Hedge fund boom seen in Asia courtesy of big banks and asset managers
In a report by Bloomberg, industry observers noted the proliferation of new hedge funds in Asia since the 2008 financial crisis. The new hedge funds were launched by global banks and asset managers including Goldman Sachs Group Inc., UBS AG and GLG Partners Inc. Some private equity firms like Highbridge Capital Management LLC and Pine River Capital Management LP were seen either expanding or restarting its offerings in Asia.
However, the rise of hedge fund activity by global banks and asset managers had threatened the business of smaller firms, said Bloomberg in its report.

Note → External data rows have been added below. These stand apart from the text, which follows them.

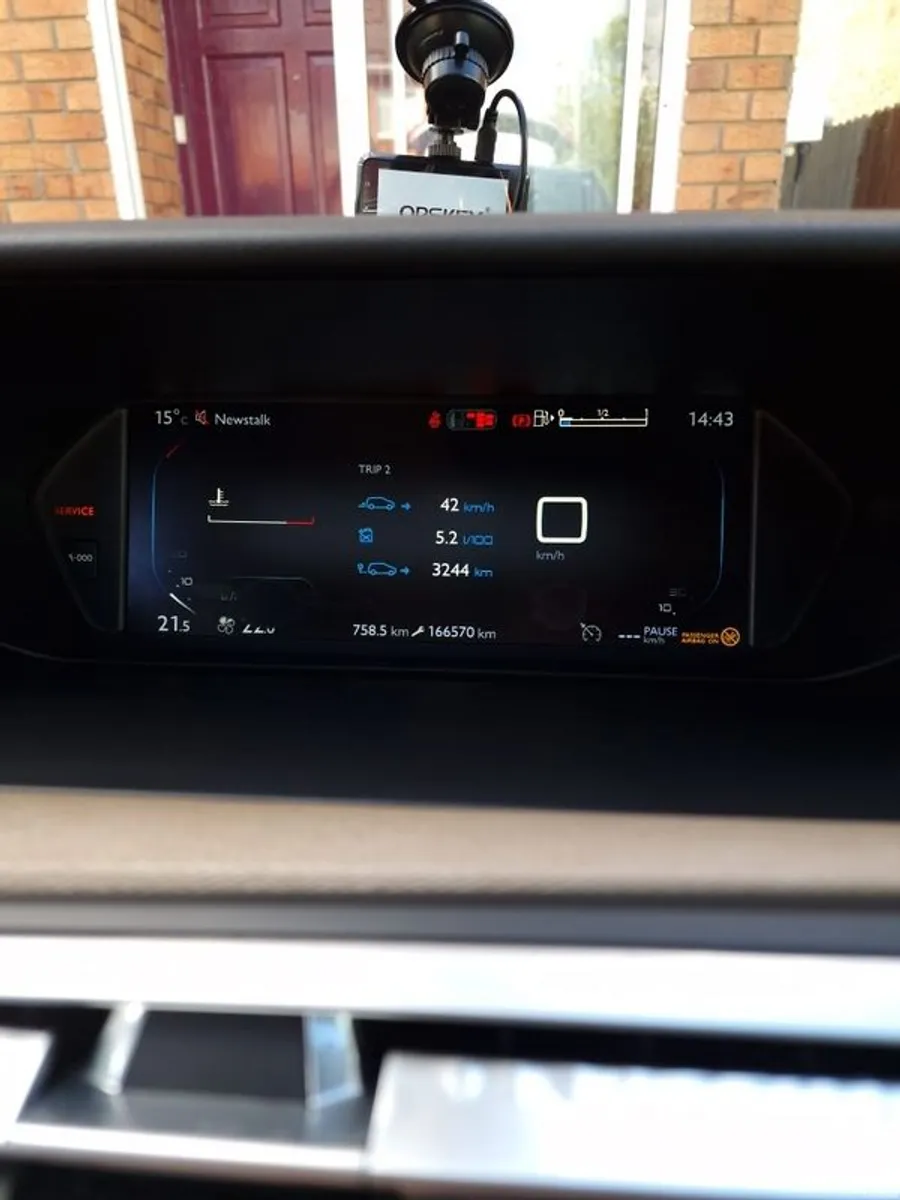 Citroen C4 Grand Picasso Exclusive 7str Leather - Image 4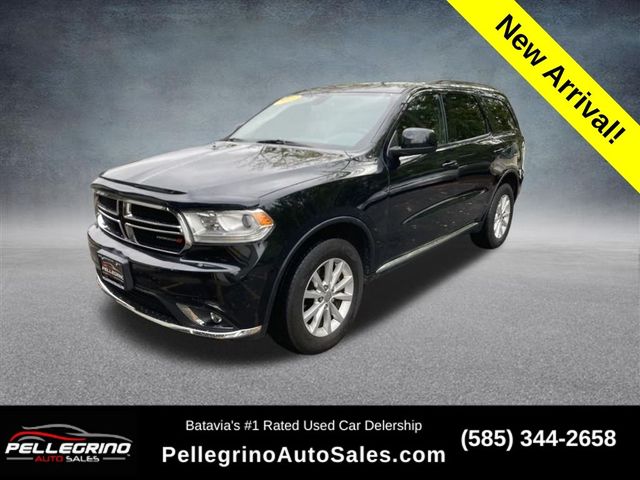 2015 Dodge Durango SXT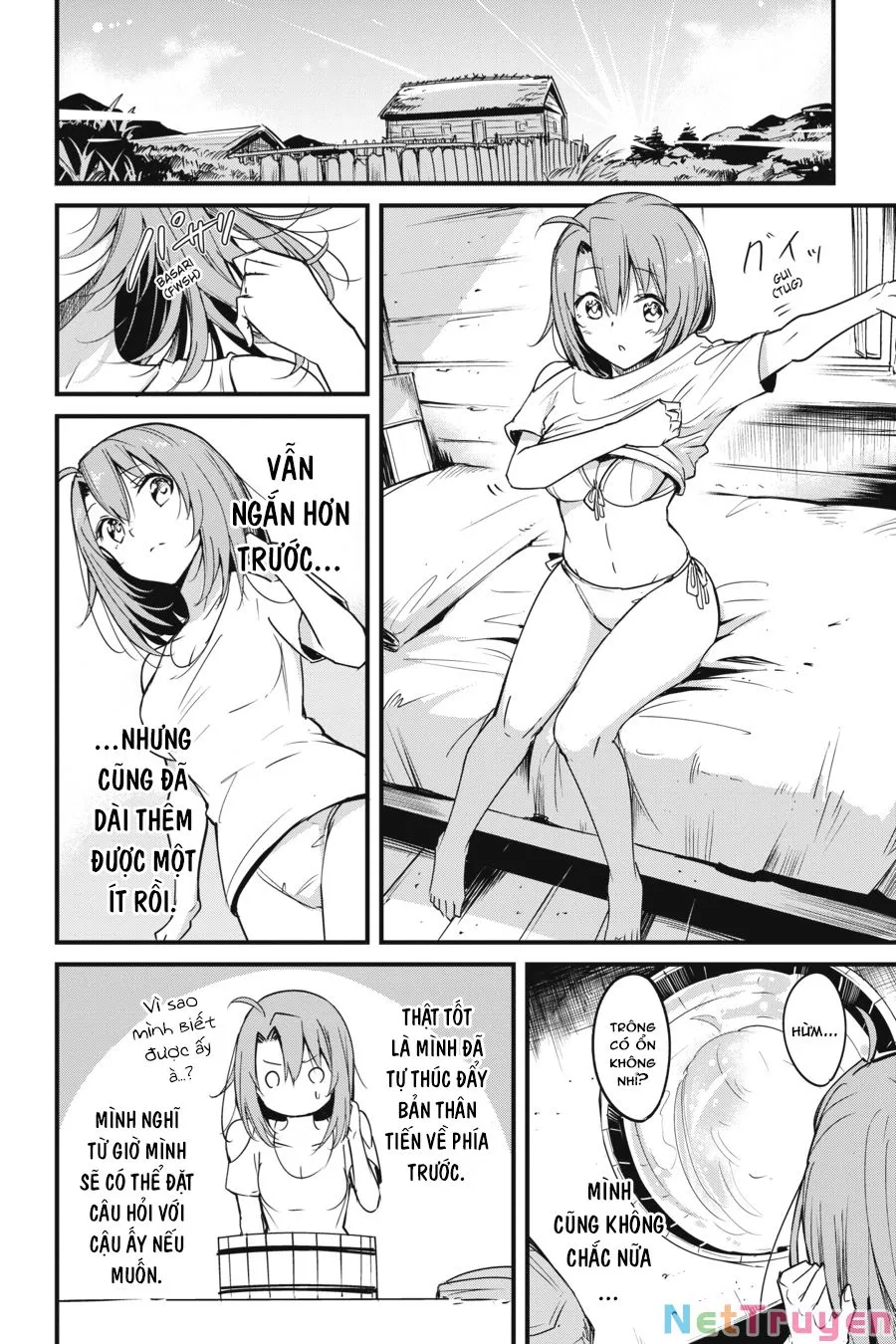 HentaiVN.net - Ảnh 4 - Goblin Slayer Side Story: Year One [Thợ Săn Goblin; Goblin Slayer Gaiden: Year One] - Chap 44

Singapore-based managing director for Asia at Man Group Plc Tim Peach said investors who stay with a big company will help managers cover rising costs of running the funds, comply with regulations and more strict requirements of institutional investors. Man Group is the largest publicly traded hedge-fund firm in the world and bought GLG back in 2010.
In October, people who were familiar with the company plans said the unit of the largest Swiss lender with USD5.2 billion of assets, UBS O'Connor planned to launch its maiden Asian hedge fund that would be open to investors this year.
These smaller firms reportedly got to start their own independent firms right after the crisis, and are usually former talents of big banks, said London-based adviser for hedge-fund and private-equity investors Richard Johnston, who is also the Asian head of Albourne Partners Ltd. Johnston added, "A lot of people who would have gone independent don't have much of a choice now."
The rising costs to comply requirements and regulations and expenses to cater such institutional investors was seen as a burden for firms with funds less than USD50 million, and as such, are credited for inhibiting growth of smaller firms.
Industry observers saw an increase in foundations, pensions and endowments making direct investments to hedge funds in order to reduce paying for fees that funds of funds charge for collecting money for investors. These institutional investors, said Bloomberg in its report, are not able to invest in smaller firms as its holdings are limited at 10% of the assets of a single fund.